YOUR OBJECTIVE: Each and every line below goes into your answer unchanged, but leave out the images.

[Dataset entries]
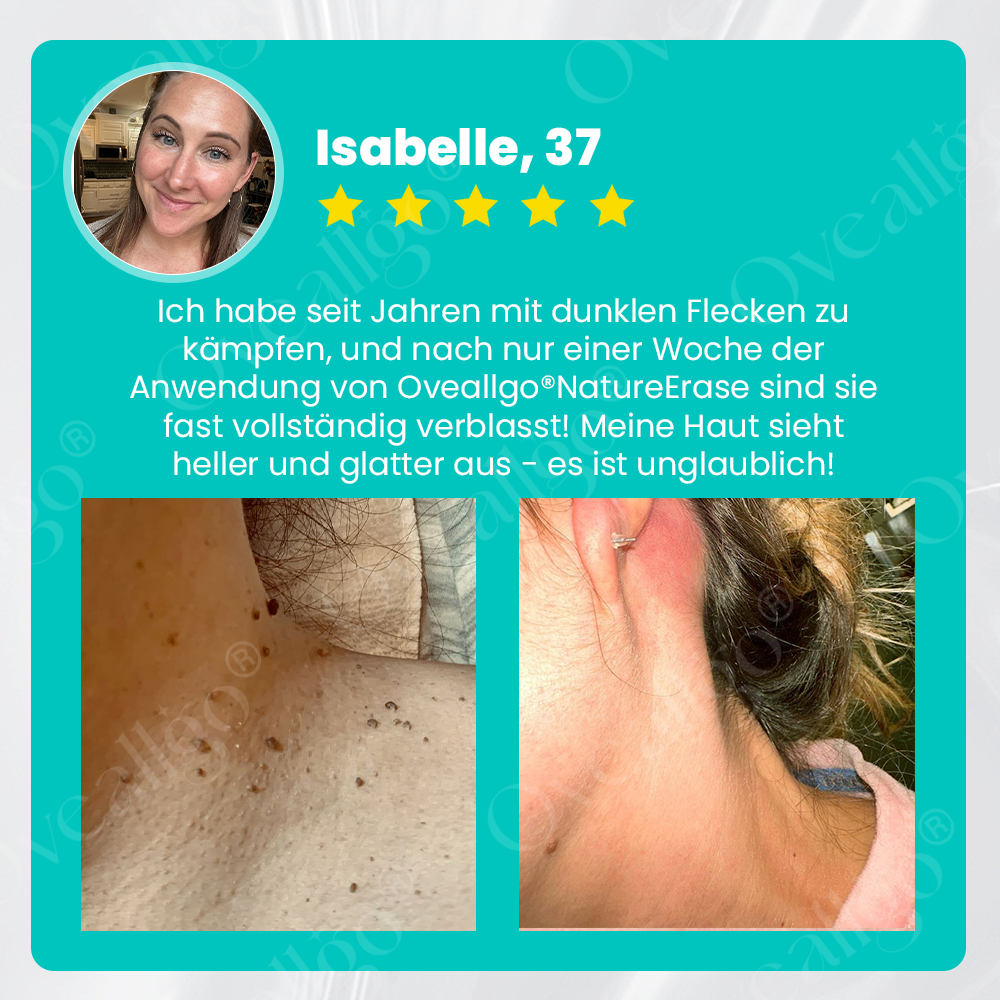 ✅ Offizieller Laden: Oveallgo® NatureErase Pro Gel zur sofortigen Entfernung von Muttermalen und Flecken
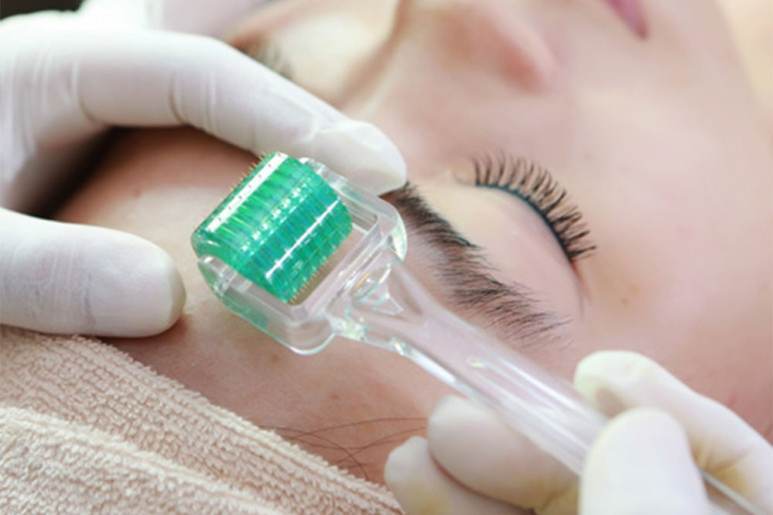 cong-nghe-lan-kim-tri-seo-ro-tot-khong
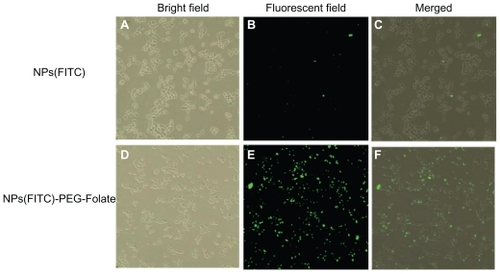 Figure 7 Evaluation of cellular uptake (internalization). Nontargeted nanoparticles-(fluorescein isothiocyanate) (NPs[FITC]) particles (upper panels) and targeted NPs(FITC)-polyethylene glycol(PEG)-Folate particles (lower panels) were incubated with KB cells for 6 hours at 37°C, then washed three times with phosphate buffer solution and observed under an inverted fluorescence microscope (magnification 200×).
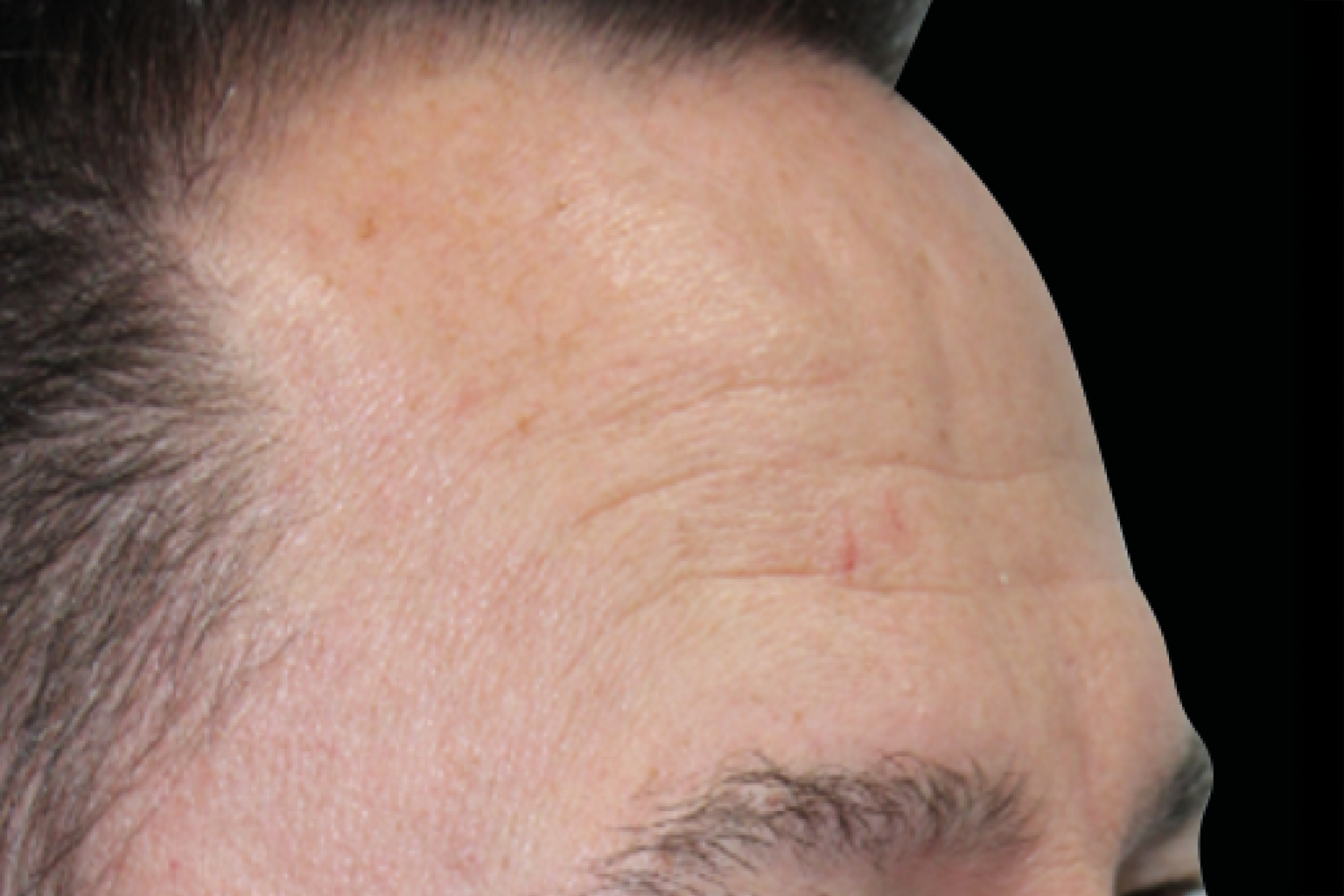 Close-up of a forehead with visible fine lines and a small red mark near the hairline
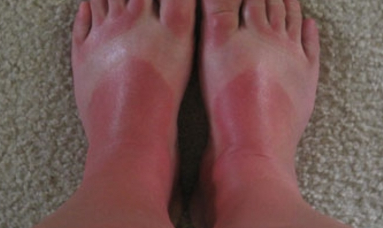 sun burn on feet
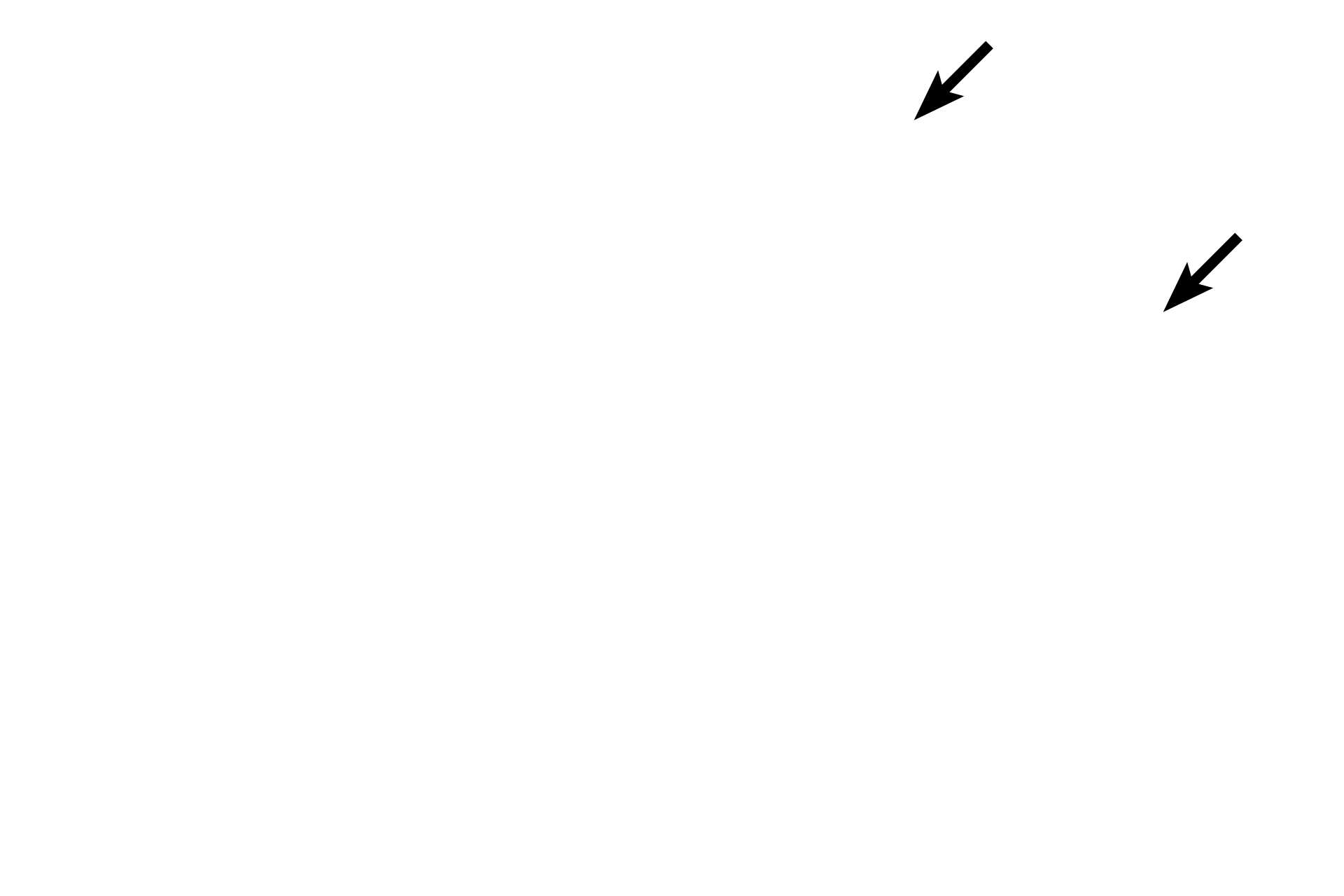  - Stratified squamous epithelium <p>Stratified squamous moist epithelium lining the esophagus changes abruptly to a simple columnar epithelium forming the sheet gland of the stomach.  Esophageal glands proper, tubulo-acinar glands in the submucosa, continue into the stomach in this section.  100x</p>
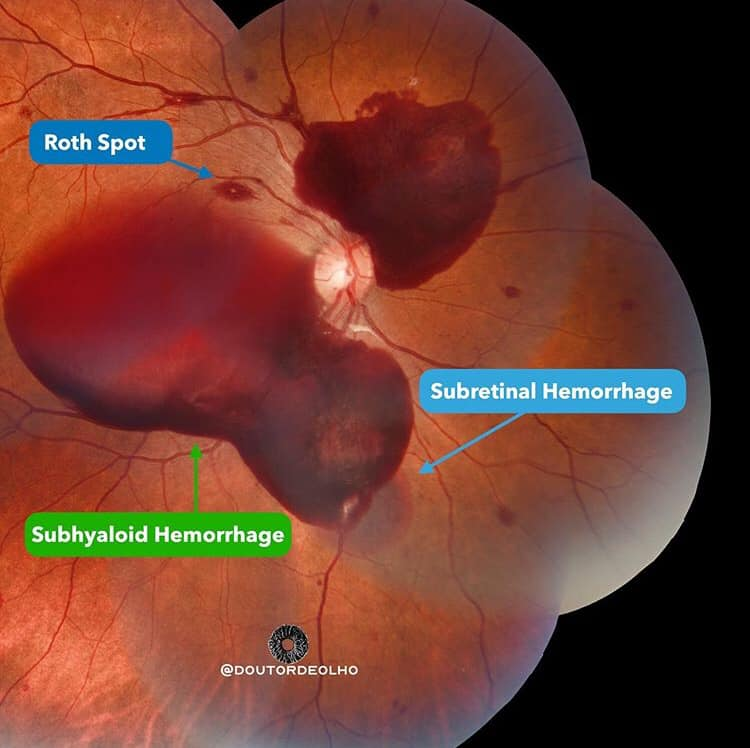 Types of Retinal Hemorrhages and its treatment. 3 Types of Retinal Hemorrhages and its treatment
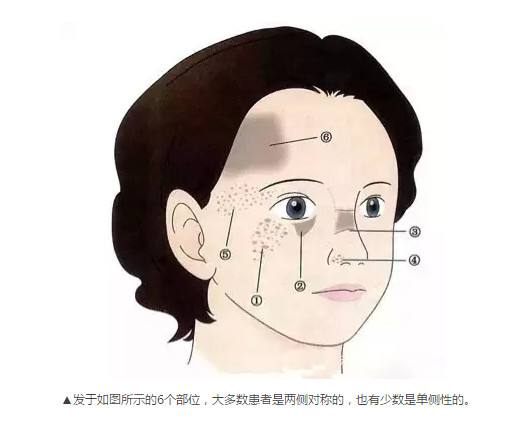 有一些如果是单发的褐青色痣,伴有黄褐斑的话,它的治愈可能就没有单纯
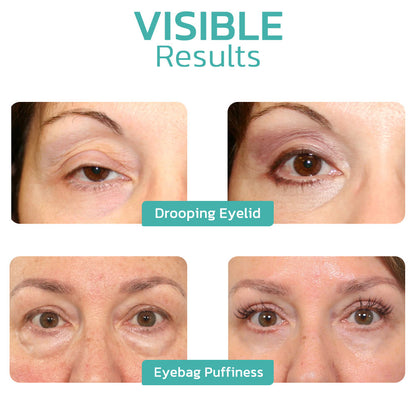 👩‍⚕️🌿Furzero™ CELYN Peptide Taut Eye Cream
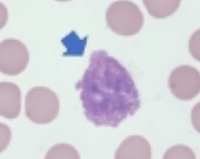 <p>what is it (Staining Blood Smears)</p>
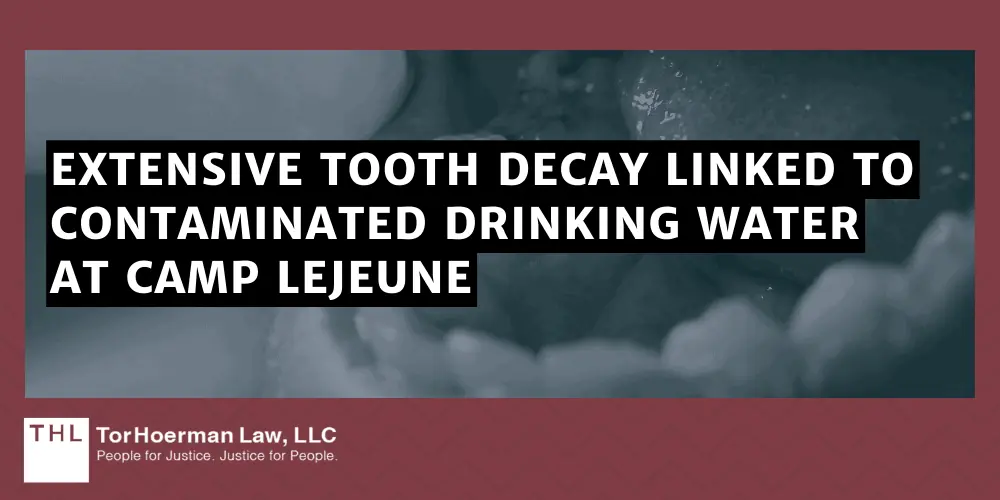 Extensive Tooth Decay Linked To Contaminated Drinking Water At Camp Lejeune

SOLUTION BELOW:
 ✅ Offizieller Laden: Oveallgo® NatureErase Pro Gel zur sofortigen Entfernung von Muttermalen und Flecken
 cong-nghe-lan-kim-tri-seo-ro-tot-khong
 Figure 7 Evaluation of cellular uptake (internalization). Nontargeted nanoparticles-(fluorescein isothiocyanate) (NPs[FITC]) particles (upper panels) and targeted NPs(FITC)-polyethylene glycol(PEG)-Folate particles (lower panels) were incubated with KB cells for 6 hours at 37°C, then washed three times with phosphate buffer solution and observed under an inverted fluorescence microscope (magnification 200×).
 Close-up of a forehead with visible fine lines and a small red mark near the hairline
 sun burn on feet
  - Stratified squamous epithelium <p>Stratified squamous moist epithelium lining the esophagus changes abruptly to a simple columnar epithelium forming the sheet gland of the stomach.  Esophageal glands proper, tubulo-acinar glands in the submucosa, continue into the stomach in this section.  100x</p>
 Types of Retinal Hemorrhages and its treatment. 3 Types of Retinal Hemorrhages and its treatment
 有一些如果是单发的褐青色痣,伴有黄褐斑的话,它的治愈可能就没有单纯
 👩‍⚕️🌿Furzero™ CELYN Peptide Taut Eye Cream
 <p>what is it (Staining Blood Smears)</p>
 Extensive Tooth Decay Linked To Contaminated Drinking Water At Camp Lejeune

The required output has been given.